PCRE Regex: Is it possible for Regex to check for a pattern match within only the first X characters of a string, ignoring other parts of the string beyond that point?

My Regex:

I have a Regex:

/\S+V\s*/

This checks the string for non-whitespace characters whoich have a trailing 'V' and then a whitespace character or the end of the string.

This works. For example:

Example A:

 SEBSTI FMDE OPORV AWEN STEM students into STEM 

// Match found in 'OPORV' (correct)

Example B:

 ARKFE SSETE BLMI EDSF BRNT CARFR (name removed) Academy Networking Event 
      
//Match not found (correct).   

Re: The capitalised text each letter and the letters placement has a meaning in the source data. This is followed by generic info for humans to read ("Academy Networking Event", etc.)

My Issue:

It can theoretically occur that sometimes there are names that involve roman numerals such as:

Example C:

 ARKFE SSETE BLME CARFR Academy IV Networking Event 
      
//Match found (incorrect).  

I would like my Regex above to only check the first X characters of the string.

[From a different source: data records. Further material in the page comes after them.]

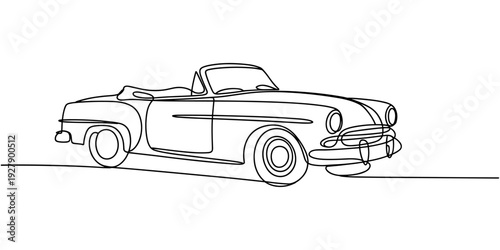 One single line drawing of old retro vintage auto car. Classic transportation vehicle concept. Vintage racing car driving on dusty road. Continuous line draw design illustration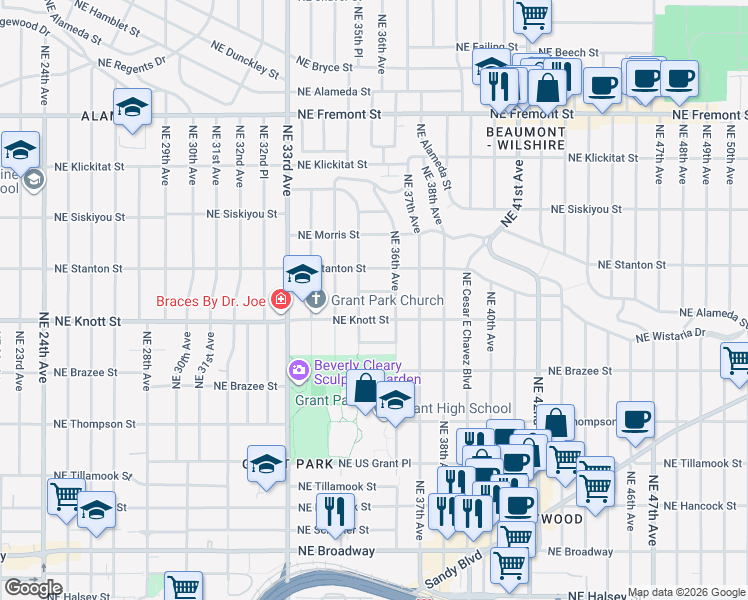 map of restaurants, bars, coffee shops, grocery stores, and more near 3581 Northeast Mathison Place in Portland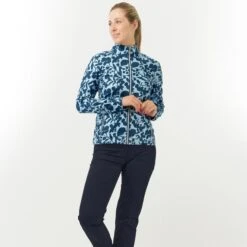 Pure Golf Auttie Winterweight Ladies Golf Mid Layer Midnight Rose Navy -Teepeg Store image437283859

Can this be done in PCRE Regex itself? I can't find any reference to length counting in Regex and I suspect this can't easily be achieved. String lengths are completely arbitary. (We have no control over the source data).

Intention:

/\S+V\s*/{check within first 25 characters only}
 ARKFE SSETE BLME CARFR Academy IV Networking Event 
                         ^
                         \-  Cut off point. Not found so far so stop. 

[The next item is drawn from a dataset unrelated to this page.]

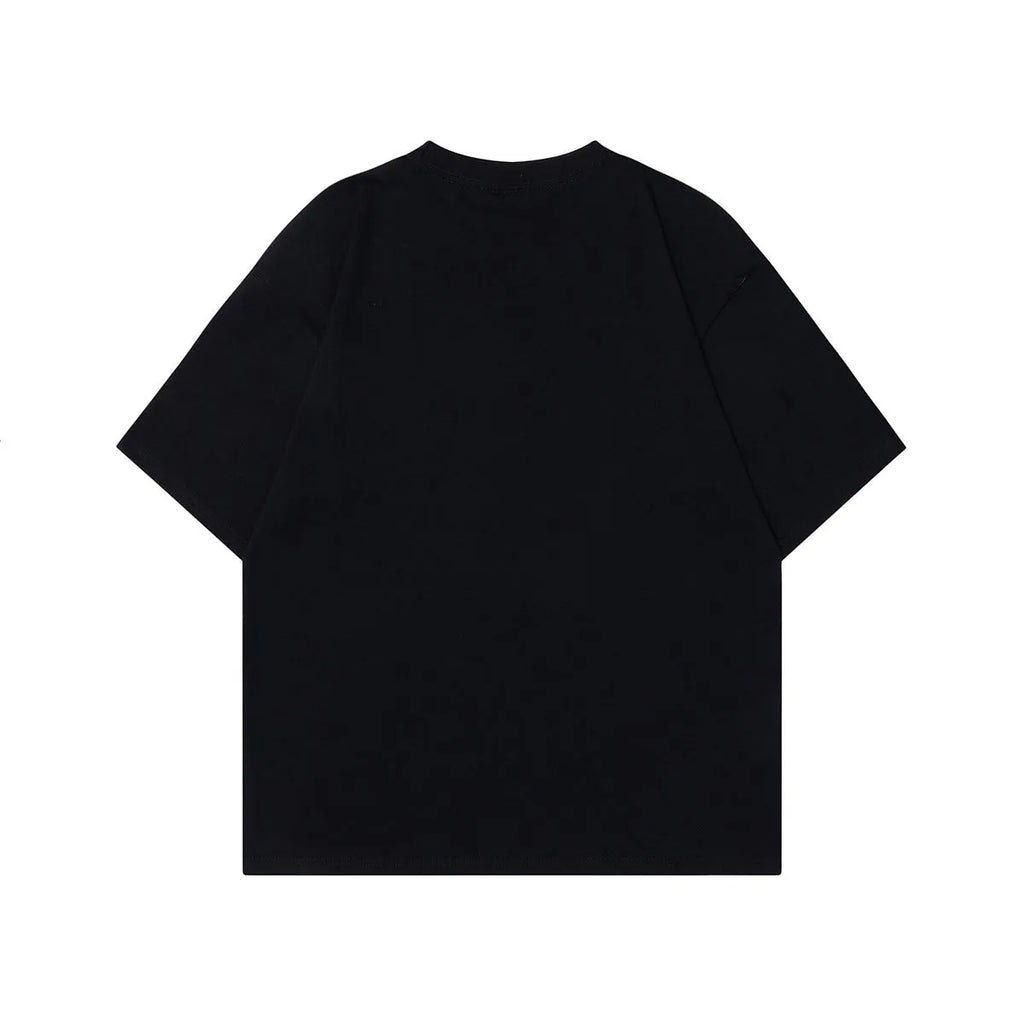 Men's black loose-fit cotton T-shirt featuring a retro character design print on the front.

//Match not found (correct).  

Workaround:

The Regex is in PHP and my current solution is to cut the string in PHP, to only check the first X characters, typically the first 20 characters, but I was curious if there was a way of doing this within the Regex without needing to manipulate the string directly in PHP?

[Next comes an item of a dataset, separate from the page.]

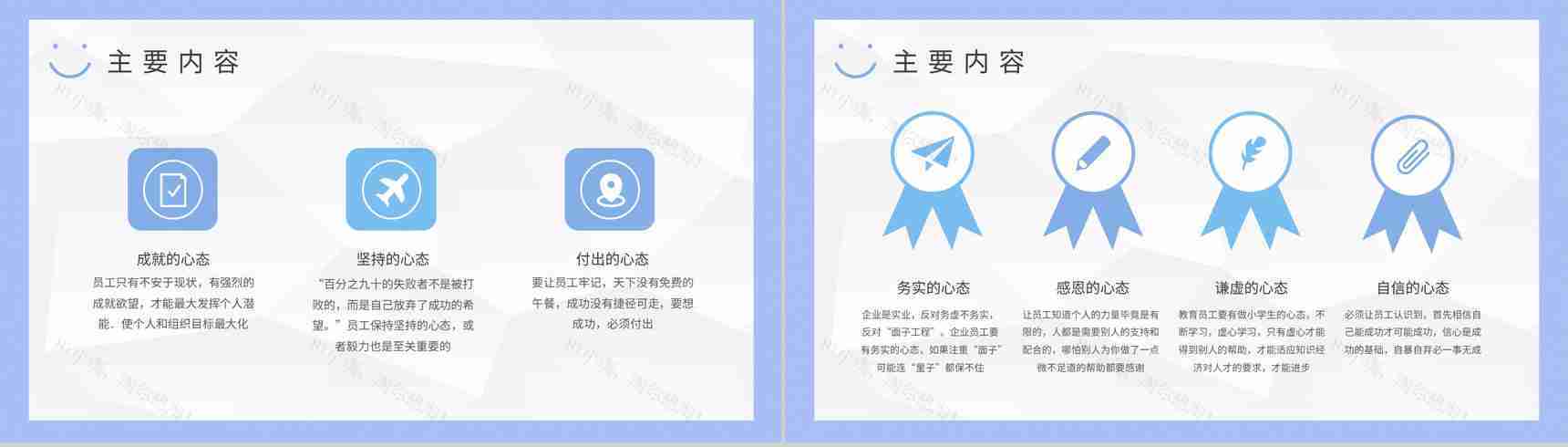 心理素质训练方案总结员工心态管理培训学习心得PPT模板-6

$valueSubstring = substr($coreRow['value'],0,20); /* first 20 characters only */
$virtualCount = preg_match_all('/\S+V\s*/',$valueSubstring); 

Solution

  • You can find your pattern after X chars and skip the whole string, else, match your pattern. So, if X=25:

    ^.{25,}\S+V.*(*SKIP)(*F)|\S+V\s*
    

    See the regex demo. Details:

    • ^.{25,}\S+V.*(*SKIP)(*F) - start of string, 25 or more chars other than line break chars, as many as possible, then one or more non-whitespaces and V, and then the rest of the string, the match is failed and skipped
    • | - or
    • \S+V\s* - match one or more non-whitespaces, V and zero or more whitespace chars.